## Exercise instructions
Set down, exactly as they stand, the lines from the one containing "1549 Foothills Village" through the last line of the records below, leaving every picture out.

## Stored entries
┄┄┄┄┄┄
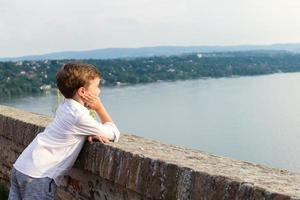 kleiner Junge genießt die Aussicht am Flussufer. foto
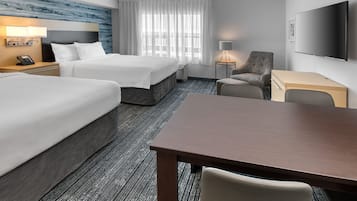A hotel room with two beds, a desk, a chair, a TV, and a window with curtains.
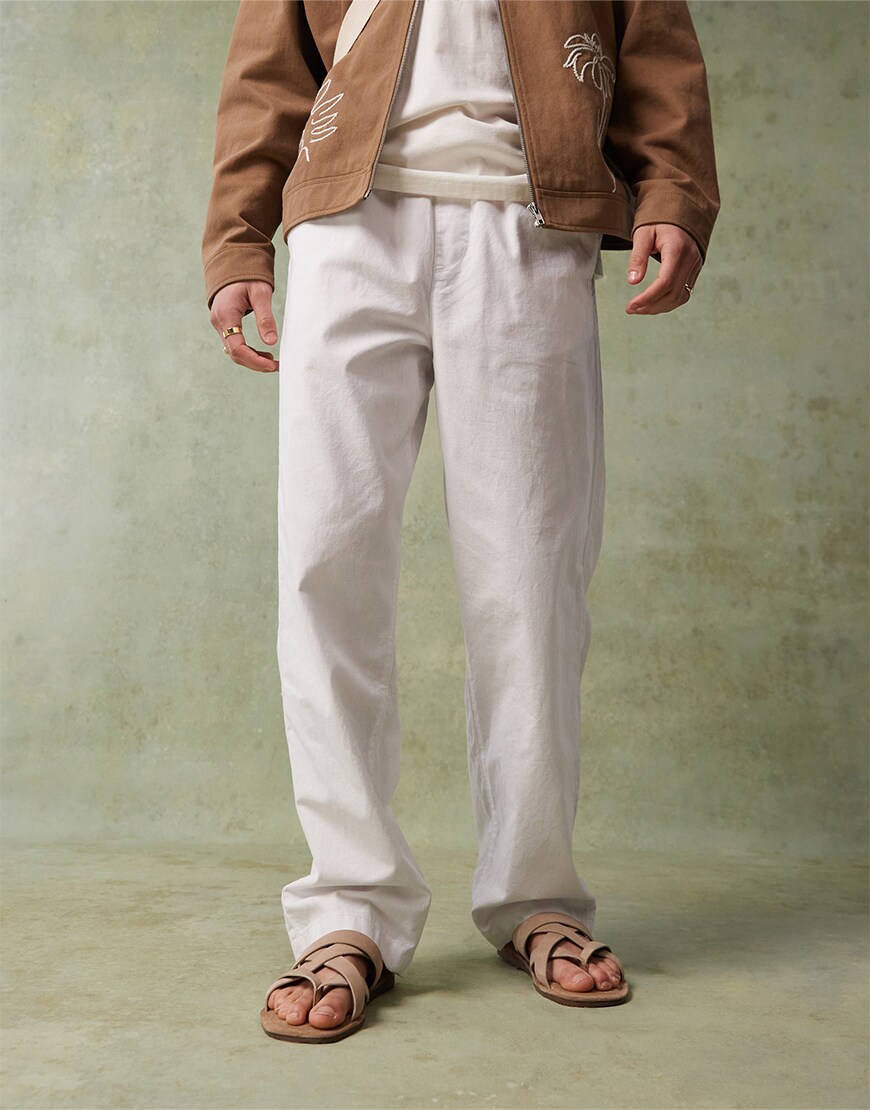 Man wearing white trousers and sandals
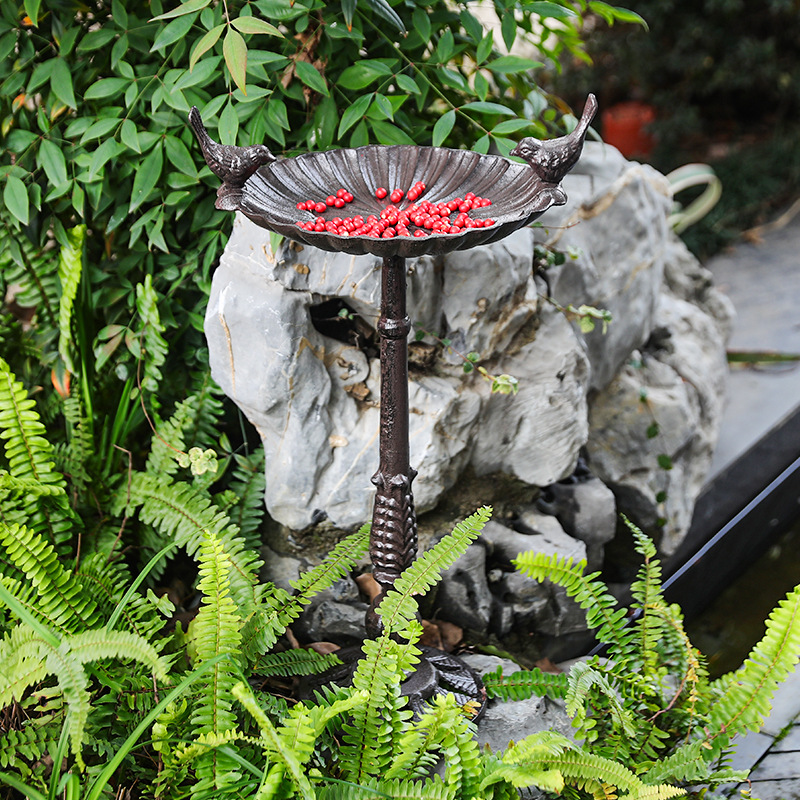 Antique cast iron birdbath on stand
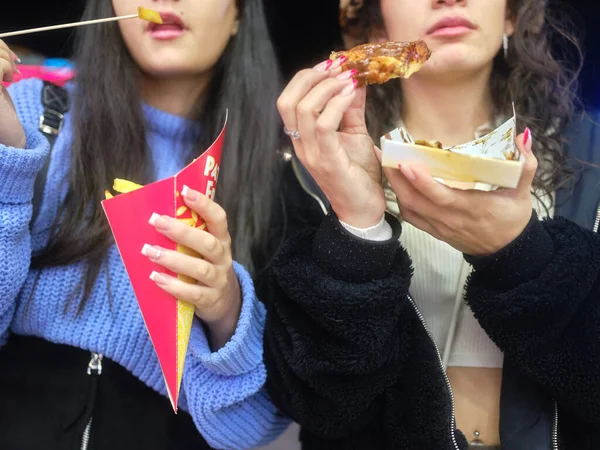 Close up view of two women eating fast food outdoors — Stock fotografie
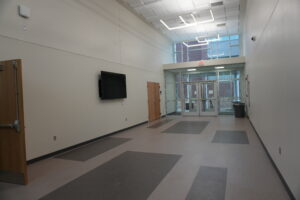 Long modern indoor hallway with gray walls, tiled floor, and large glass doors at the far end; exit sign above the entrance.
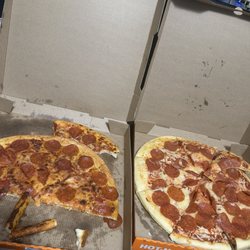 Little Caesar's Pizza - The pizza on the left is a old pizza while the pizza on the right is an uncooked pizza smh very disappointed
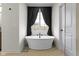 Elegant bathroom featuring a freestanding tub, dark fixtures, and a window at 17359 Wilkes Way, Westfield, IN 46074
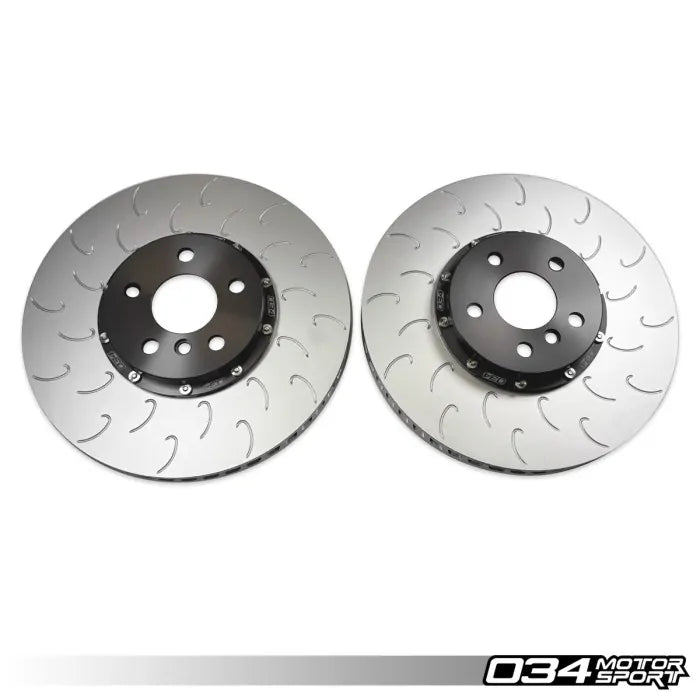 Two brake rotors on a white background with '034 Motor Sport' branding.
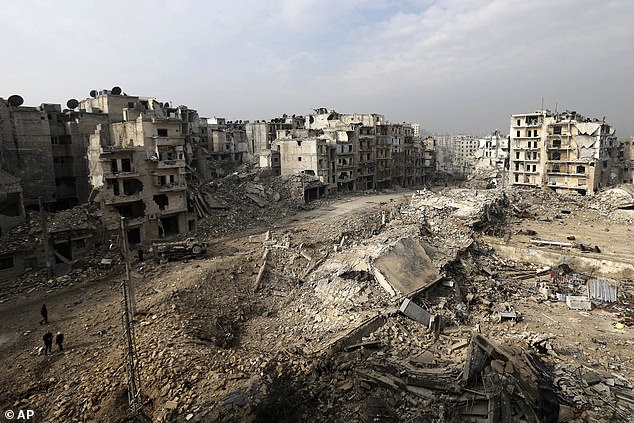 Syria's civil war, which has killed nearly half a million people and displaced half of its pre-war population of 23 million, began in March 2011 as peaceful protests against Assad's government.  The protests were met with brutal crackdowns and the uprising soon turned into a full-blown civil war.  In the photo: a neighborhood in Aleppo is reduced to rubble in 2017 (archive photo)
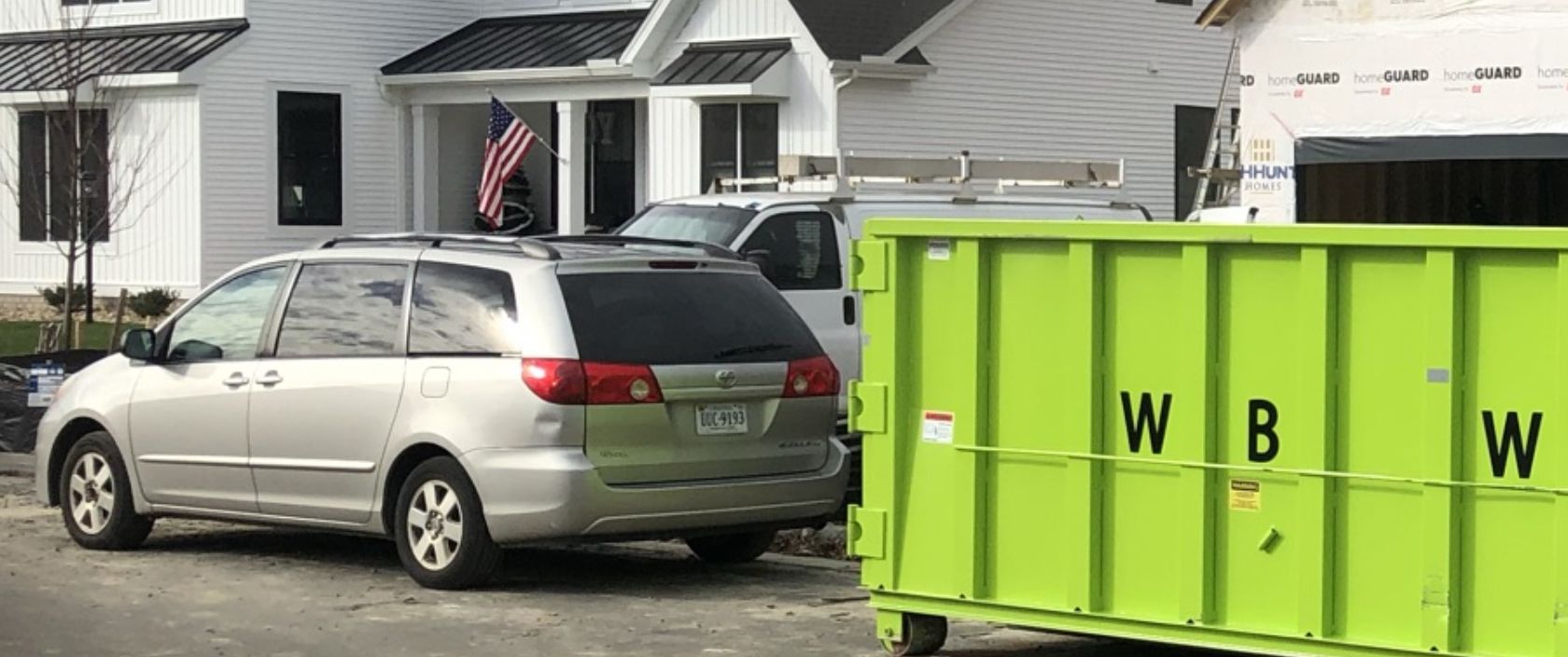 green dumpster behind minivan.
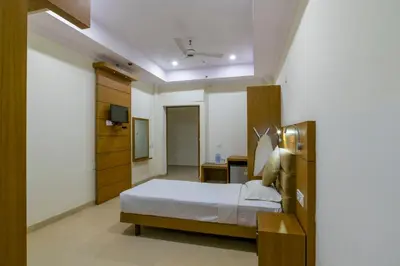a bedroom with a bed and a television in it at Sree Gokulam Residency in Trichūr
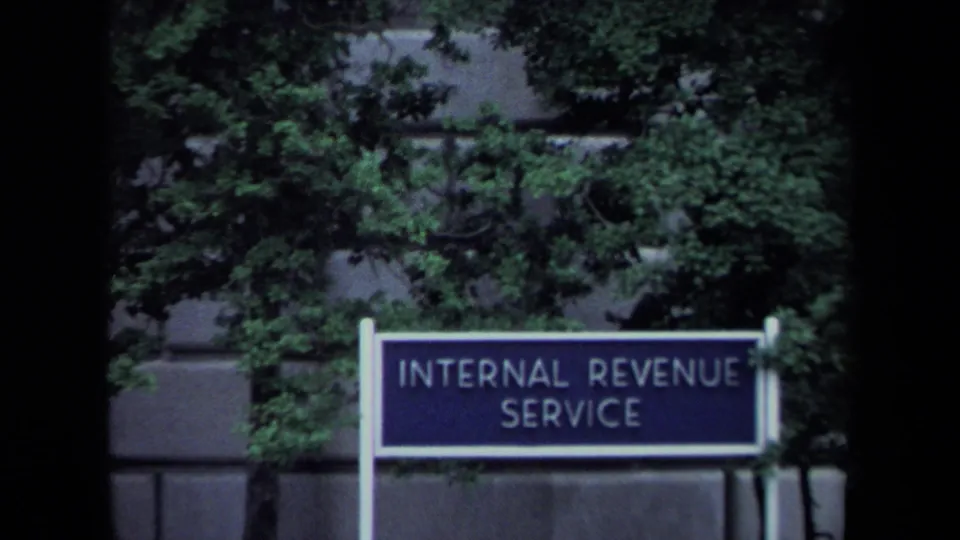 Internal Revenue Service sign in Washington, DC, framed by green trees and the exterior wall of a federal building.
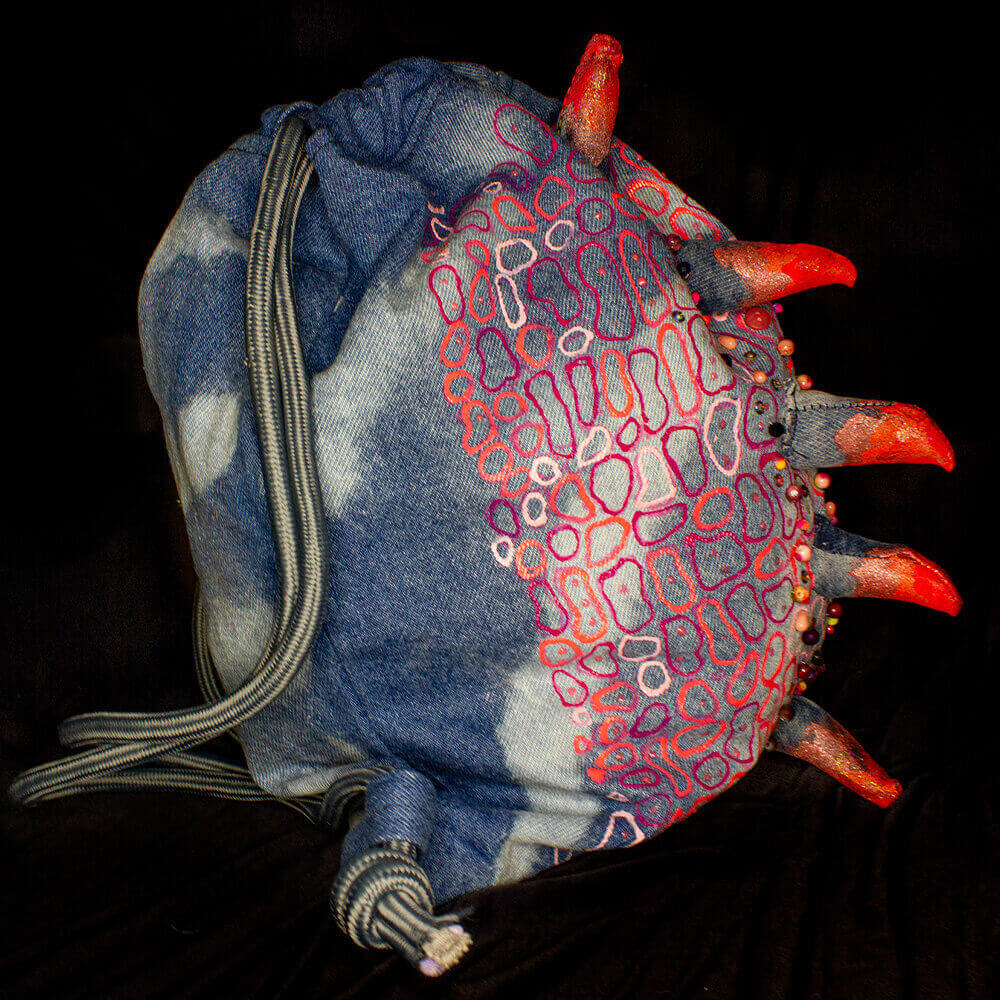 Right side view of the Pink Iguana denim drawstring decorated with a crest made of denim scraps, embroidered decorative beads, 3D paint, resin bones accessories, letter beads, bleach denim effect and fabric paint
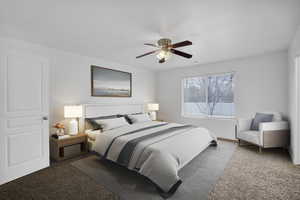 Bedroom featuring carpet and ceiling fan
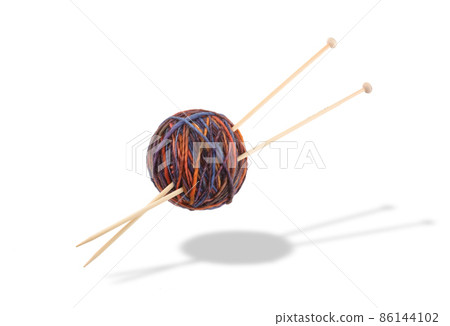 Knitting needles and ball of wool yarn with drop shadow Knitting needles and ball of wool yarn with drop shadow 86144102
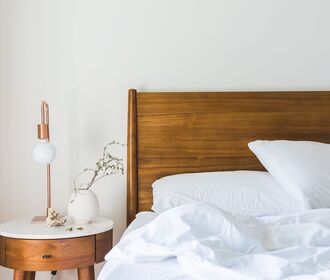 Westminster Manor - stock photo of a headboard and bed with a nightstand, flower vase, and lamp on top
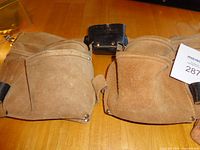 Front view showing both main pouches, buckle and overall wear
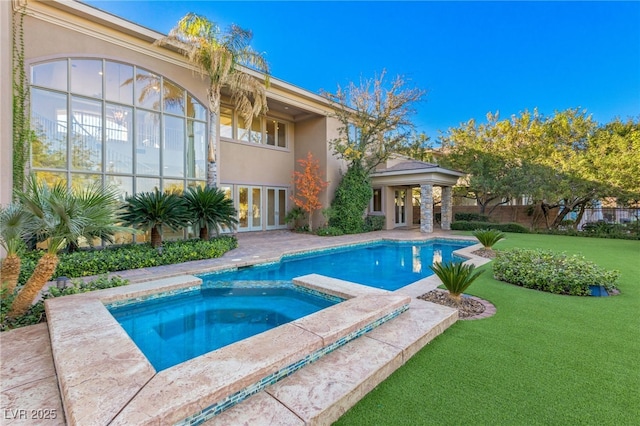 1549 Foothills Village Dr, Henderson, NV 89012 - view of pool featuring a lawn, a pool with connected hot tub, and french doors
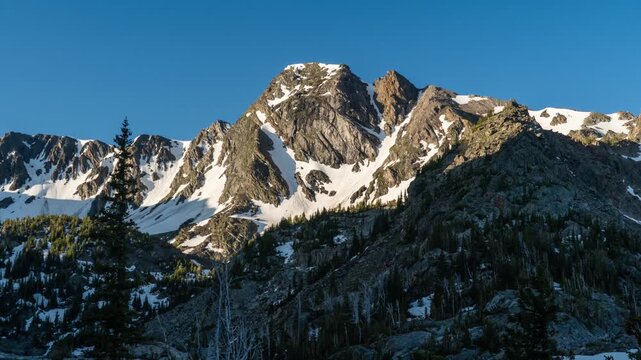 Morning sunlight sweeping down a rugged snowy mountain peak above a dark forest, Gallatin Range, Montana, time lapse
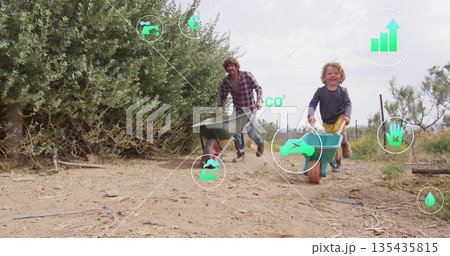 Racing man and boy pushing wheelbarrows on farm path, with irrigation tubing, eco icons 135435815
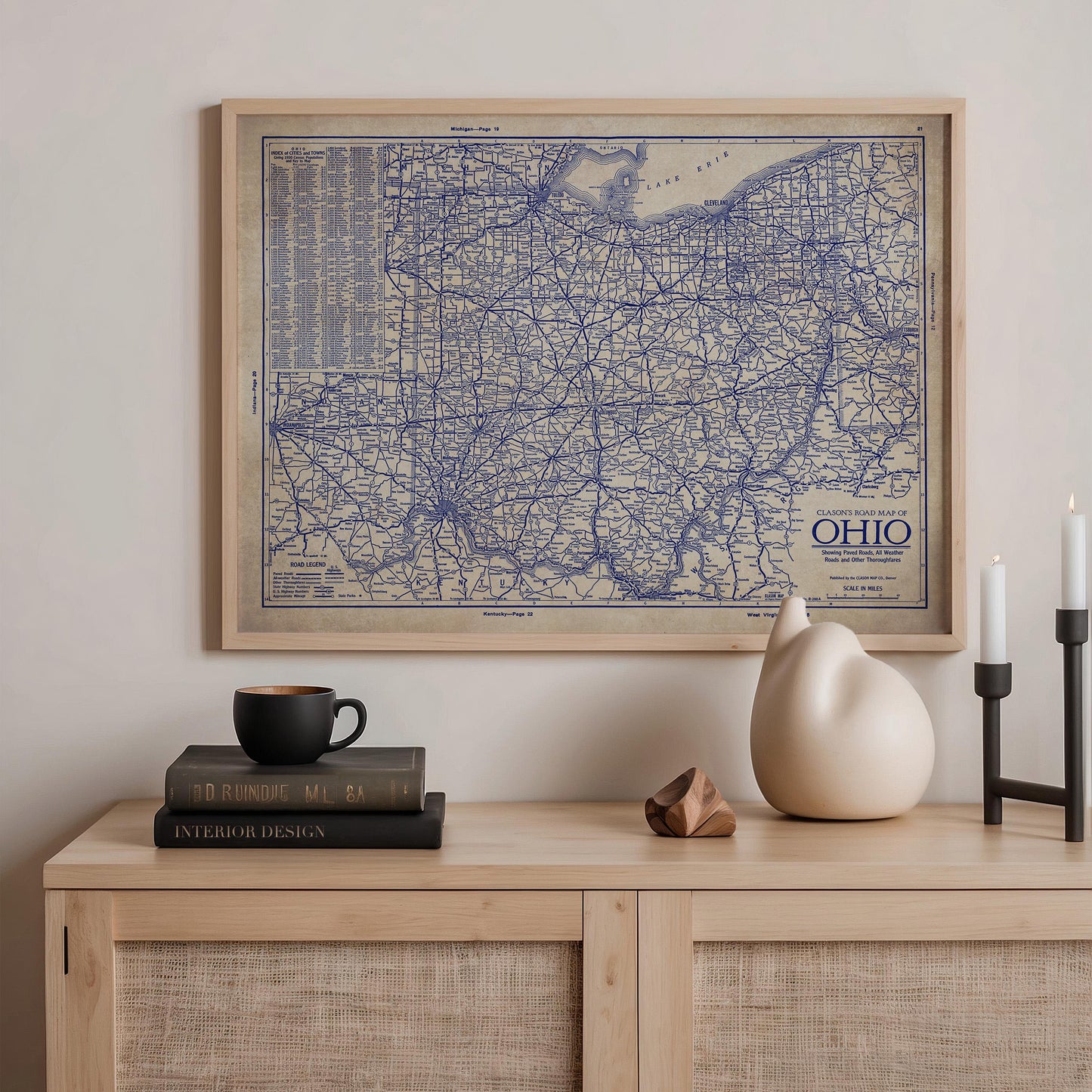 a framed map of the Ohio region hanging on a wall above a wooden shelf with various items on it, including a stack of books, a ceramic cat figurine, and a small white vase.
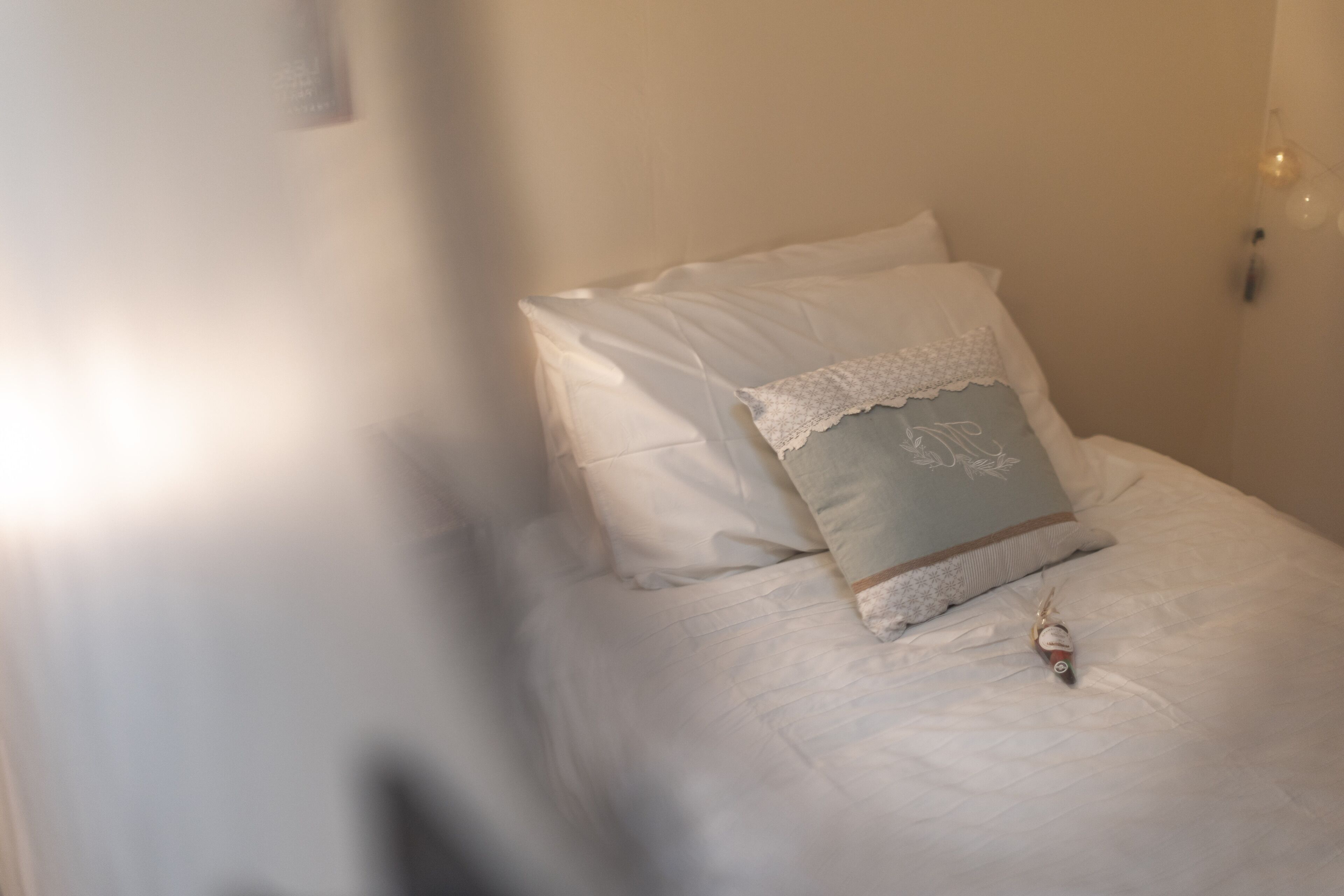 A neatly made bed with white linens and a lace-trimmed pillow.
┄┄┄┄┄┄
## Exercise solution
 1549 Foothills Village Dr, Henderson, NV 89012 - view of pool featuring a lawn, a pool with connected hot tub, and french doors
 Morning sunlight sweeping down a rugged snowy mountain peak above a dark forest, Gallatin Range, Montana, time lapse
 Racing man and boy pushing wheelbarrows on farm path, with irrigation tubing, eco icons 135435815
 a framed map of the Ohio region hanging on a wall above a wooden shelf with various items on it, including a stack of books, a ceramic cat figurine, and a small white vase.
 A neatly made bed with white linens and a lace-trimmed pillow.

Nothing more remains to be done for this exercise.